As the preparation phase of an ERP (Enterprise Resource Planning) project progresses towards the final stages of solution and vendor selection, there is often a desire to kick-start the project as quickly as possible. However, selecting the solution and the vendor alone is not enough to start the project. In addition to these important decisions, we must ensure the project readiness in the organization.

Paula Aaltonen Midagon Oy

Project readiness means that the foundation and framework required to start the project are in place. One of the most important elements of project readiness is the resources, people, required for the project.

Does the vendor guide us through resourcing the project?

In the project proposal, the vendor lists quite straightforward, which project tasks are their responsibility and which ones must the customer take care of. Does the proposal then indicate what kind of team and what roles, how many resources are required on the customer’s side? Not directly, because what the vendor sees as the customer’s responsibility is not the full scope of what the customer needs to do when targeting to succeed in the business transformation project.

Why is this? The vendor’s focus is on implementing the technical solution (after all, that is what the customer is buying from them), and the customer’s workload estimate in the proposal shows what is required on the customer’s part in order to implement the technical solution. However, from the customer’s point of view, it is always a question of broader change, not about implementing a technical solution alone. Therefore, the customer must also reserve resources for tasks other than those that are necessary purely for implementing the technical solution.

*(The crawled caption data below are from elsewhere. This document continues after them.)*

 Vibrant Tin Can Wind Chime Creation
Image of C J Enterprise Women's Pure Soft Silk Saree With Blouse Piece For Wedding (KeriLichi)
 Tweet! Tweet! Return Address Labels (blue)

From the vendor’s perspective, many tasks that are the customer’s responsibility may often also appear of a smaller workload than what they really are. The customer does not have the same experience, knowledge, and skills as the vendor. In many cases, the majority of the customer’s personnel has not been involved in ERP or other change projects of a similar size before. In most situations, an ERP project is something new and at least in some scale unfamiliar for the entire organization, from line operations to senior management.

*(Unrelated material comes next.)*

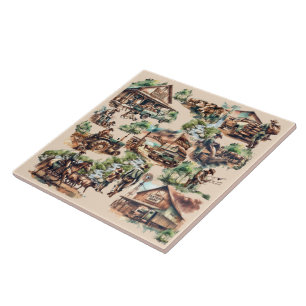 Western Ranch or Country Farm Scenes Ceramic Tile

How do I then set up my project organization?

Regardless of its scope, the implementation of an ERP project consists more or less of standard areas of responsibilities, from which the roles are derived. The roles are then formed into positions in the project organization, and in the final phase these positions are resourced with people, actual names. The number of positions needed in project organization depends on the scale of the project. How many people are required to cover each role and task? And how many roles and tasks can each person handle? What roles and duties can we expect the vendor to take responsibility for, and what is left for the customer to take care of? Which roles should primarily involve internal resources that are familiar with the customer’s own operations, and in what areas should external project experience be introduced?

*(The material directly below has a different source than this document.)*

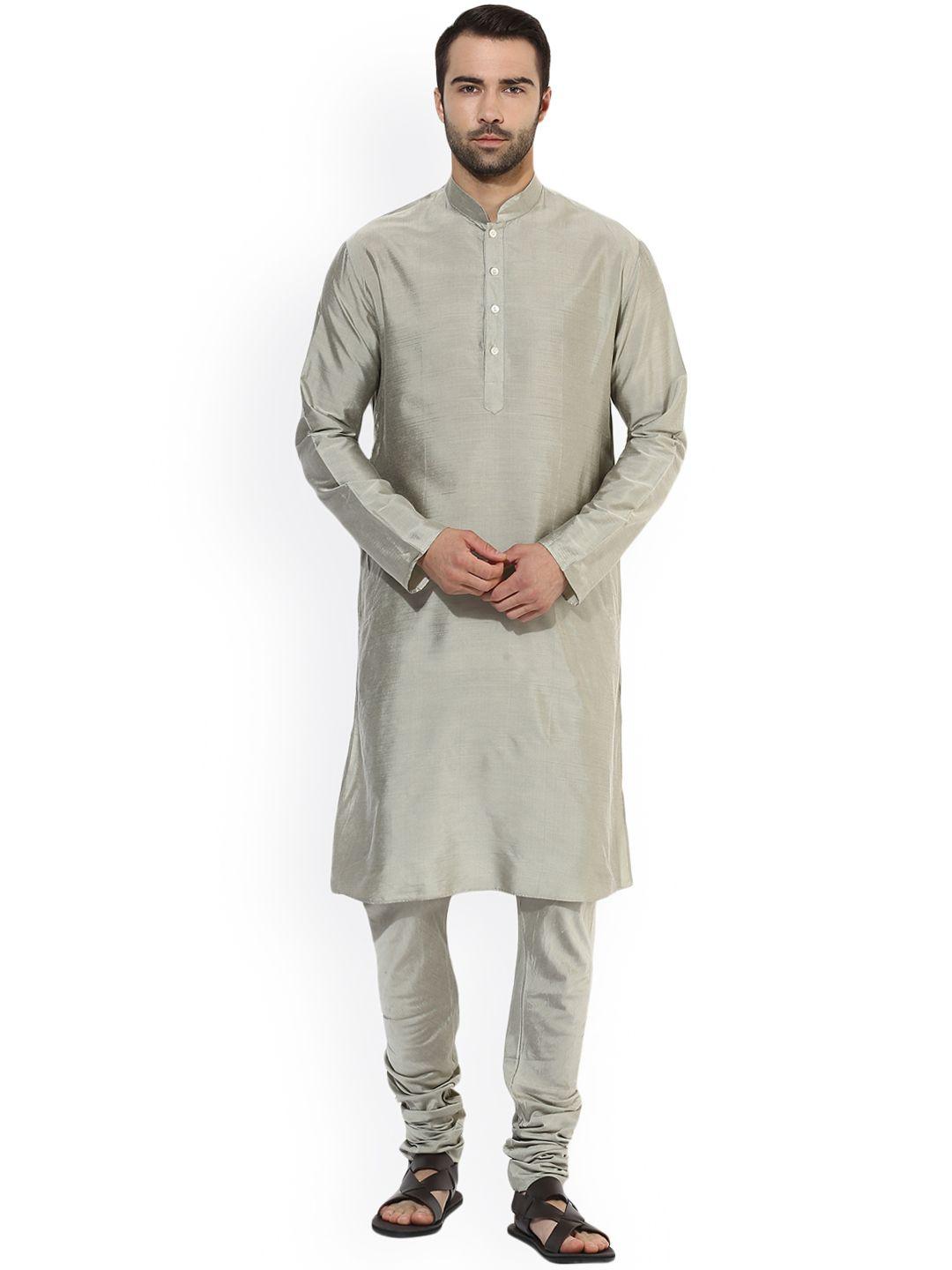 kisah men grey solid a-line kurta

1. Define the structure and roles for the project organization

These are based on identifying and understanding what the targeted change is, and what activities and stages are needed to make that happen.

Project management (PM) and project management office (PMO). Every project must have someone to lead it - a project manager. According to the project methodology, the title may be something else, but the responsibility and tasks themselves do not change regardless of the project manager’s actual title. The scope of the project and the targeted change, as well as the size of the company, give indication of the size of the project management office (PMO). In smaller projects, the project manager is responsible for all matters related to project management and communication and might be assisted by one project assistant or coordinator only. In large-scale corporate projects, on the contrary, project management employs several people, as coordination, monitoring and reporting responsibilities are divided into more specific roles for different people. In such cases, the project management really is an office of its own, not just a few persons team.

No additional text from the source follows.